There was nervous laughter as we entered the elevator. Nobody could process the events of that morning. Laughter. We didn’t know how to respond. But everyone was vacating the building. Not just our building, but every building….well, at least every tall building in The Loop, in downtown Chicago. Less than an hour before, I was watching the South Tower of the World Trade Center collapse on itself. A single tower…I was so stunned it didn’t even register to me that the North Tower was already gone. And there had been crash at The Pentagon as well? I heard about that collision when I was riding the elevator up to my desk on the 44th floor. Three crashes? What the hell was going on?


Everyone was looking at each other, stunned. All that we knew was that the World Trade Center was gone, The Pentagon has also been attacked. And then the news was announced that there was a fourth hijacked plane, heading towards some unknown location! The information was scattered and sketchy. All we knew was that we had to get out of downtown….out of tall buildings….away from tall buildings.

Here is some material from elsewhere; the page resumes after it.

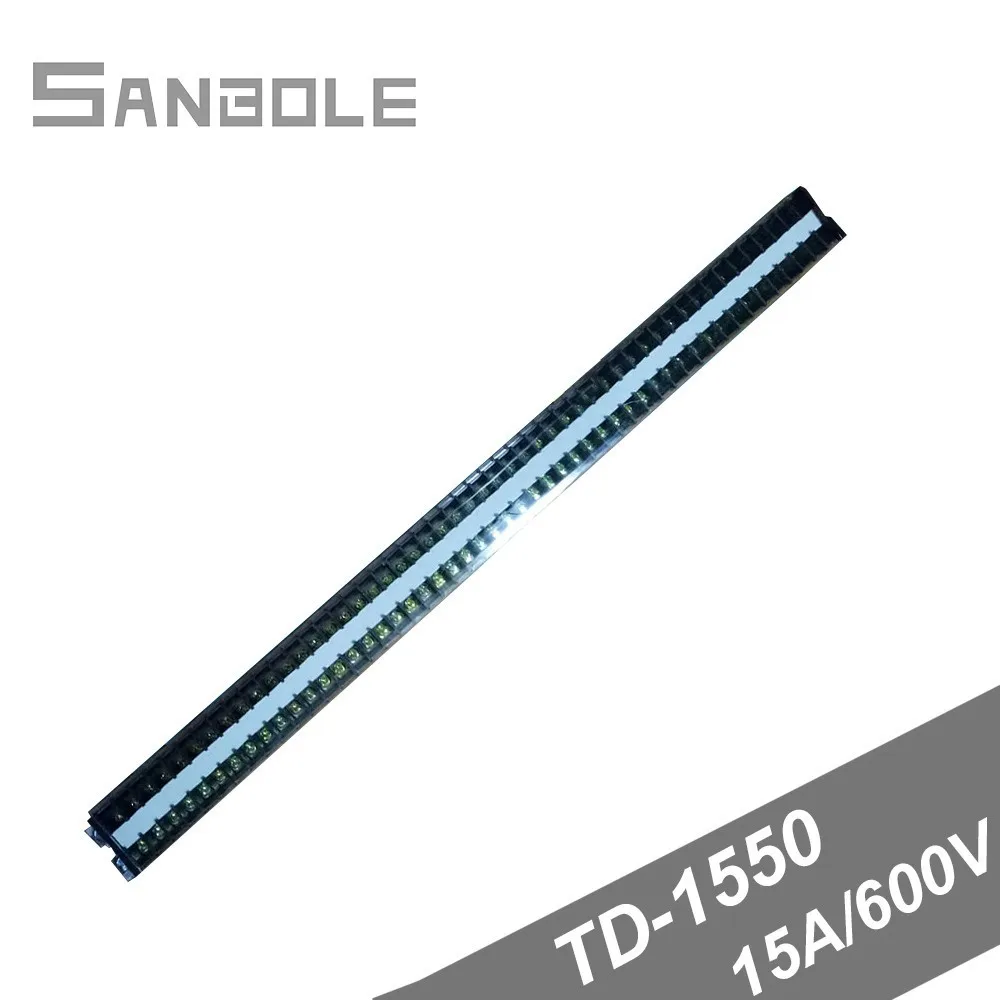 

TD-1550 Connector Dual Row DIN rail mounting Fixed Terminal block 15A/600V 50 Positions Screw Barrier Strip cable wiring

The trip home on the elevated train was strangely quiet. Nobody was talking; everyone was worried….always looking at the skies….piecing together the events….not fully understanding that our world had been changed forever.

And that fourth hijacked fourth plane…flying out there in the skies somewhere….full of frightened passengers, knowing that so little time remained before their plane crashed…deciding that their only option was to fight back. And were there more? Where there planes hijacked at O’Hare? Thankfully, the FAA had grounded all flights. That was cold comfort; people had died, were dying, or were about to die.


And nobody felt safe.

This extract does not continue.